Footsteps. Two sets. Confident.

Marcus looked up as the door opened and a woman stepped in. Brown hair tied neatly back, black eyes that didn't blink more than necessary. She wore a fitted pantsuit, black with just enough cut to suggest movement wouldn't be a problem. On her head, a peaked cap. And her posture, hands clasped loosely in front, shoulders relaxed but ready, screamed "bodyguard" before she even spoke.

"Mr. Kane?" she asked.

Marcus nodded. "You'd be…?"

"Mercy Graves," she said. The name meant nothing to him, for now. "I'm here to check on your progress."

He was about to launch into a rundown when she raised a hand to stop him. Smooth, almost polite, but definitive.

From her pocket, she produced a small disc-shaped device and set it on the counter. It hummed faintly before projecting a floating hologram. The figure's face was blurred beyond recognition, and its voice was artificially deepened.

"Mr. Kane," it said. "Status update."

Marcus leaned back in his chair, glancing at Mercy before turning to the projection. "Security overhaul is seventy percent complete. Network speed increased by forty-two percent. Unauthorized access points eliminated. The previous system could be breached in ninety seconds; now it's over thirty minutes without inside knowledge."

He tapped a key, and on the far wall, a display came alive, side-by-side footage of simulated intrusion attempts, one using the old system, one using his upgraded version. In the old footage, the breach hit like a hammer through glass. In the new, the intruder's connection stuttered, then died, leaving them chasing corrupted data.

The hologram's voice made a low, approving sound. "Impressive. Would you consider a permanent arrangement with us?"

Marcus raised an eyebrow. "I don't work for anyone permanently. Problems with authority… and all that."

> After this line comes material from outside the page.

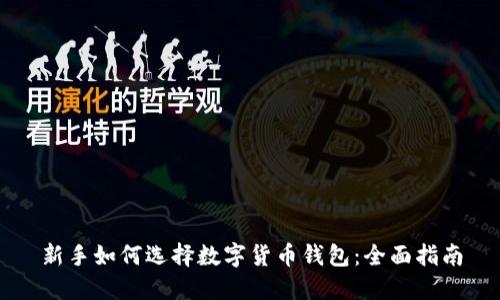 新手如何选择数字货币钱包：全面指南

Mercy's expression shifted, just barely. A tightening around the eyes, a small narrowing that said she was filing that answer away.

The hologram voice hummed again, this time with a note of disappointment. "Perhaps another time, then."

"Perhaps," Marcus said, taking a long pull from a can of Red Bull on the desk.

Mercy reached over, turned off the device, and slid it back into her pocket. Without another word, she turned and left, her footsteps fading into the hum of the servers.

Marcus watched the door for a few seconds after it closed. Then he shook his head, muttering, "Cadmus," under his breath, remembering the faint print he'd seen on one of the tech badges earlier.

Bookmarked for later.

For now, there was still work to do.